The Chinese green bond market began its development from the top down, following China’s establishment of its own guidelines, and the government has sent a strong message that green financing is a priority for the country. But many green bond advocates agree that the top-down approach can only go so far.
“For the long term sustainable development of the market, we need the market to push from the bottom up,” said He Ji, deputy general manager in the treasury department at the Agricultural Development Bank of China.
Governments around Asia, including Singapore and Hong Kong, have introduced subsidies to encourage green issuance, offering to offset the added costs of verifying green compliance. But many people believe that the subsidies are, and should be, a temporary measure. “If we rely on subsidies, then the green market will not develop in a healthy way,” said Han Zhang, CEO of iGreenBank. “Many of the subsidies we see have no exit mechanisms,” he added, explaining that such an approach will stymie the market.
To fill the gaps in the market and encourage development, banks will play a key role. Market leaders like HSBC have to start with many potential borrowers from scratch, helping them develop their own company green frameworks, and educate them on the benefits and appeals of being a green issuer.
“Green bonds really help a sustainable corporation like Modern Land to position itself responsibly among all stakeholders, including shareholders, clients and regulators,” said Cristiano Cui, Managing Director of Board Office, Modern Land China.
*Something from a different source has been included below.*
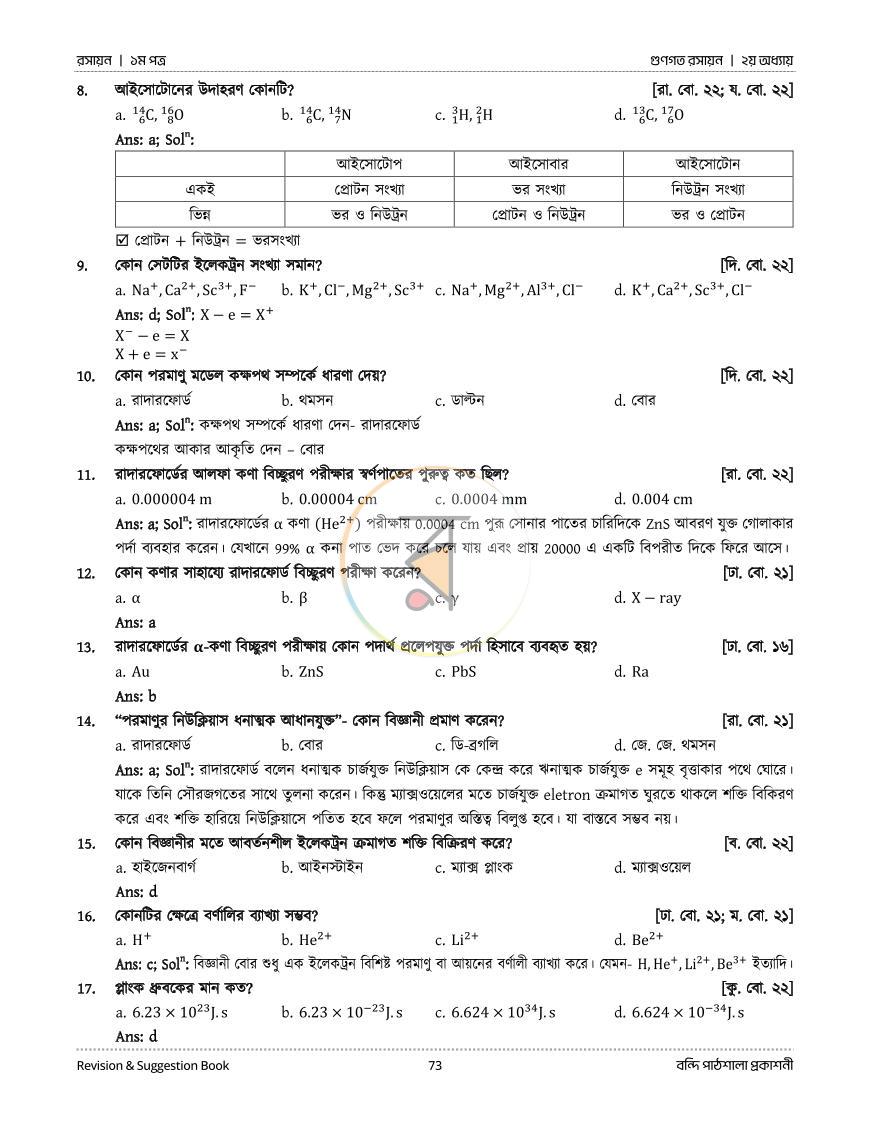 পাতা 50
Banks are also educating the investor base in Asia, which currently lacks many green-dedicated funds, to show how green products fit into portfolios. These banks are able to base their Asian green strategy off their European experiences, bringing in successful western practices to encourage engagement in the region.
And, banks will continue to lead as the market moves to new financing options including green loans and green asset backed securities. “Financial Institutions have played an important role in greening China’s financial system,” added Gan. “From providing green credits, to issuing green bonds, then to issuing sustainability bonds, which fund both green and social projects. China Construction Bank is a good example.”
Added Ji, “By issuing the green bonds, we are not only financing, but we are also communicating to people and the world about the development of the green bond market.”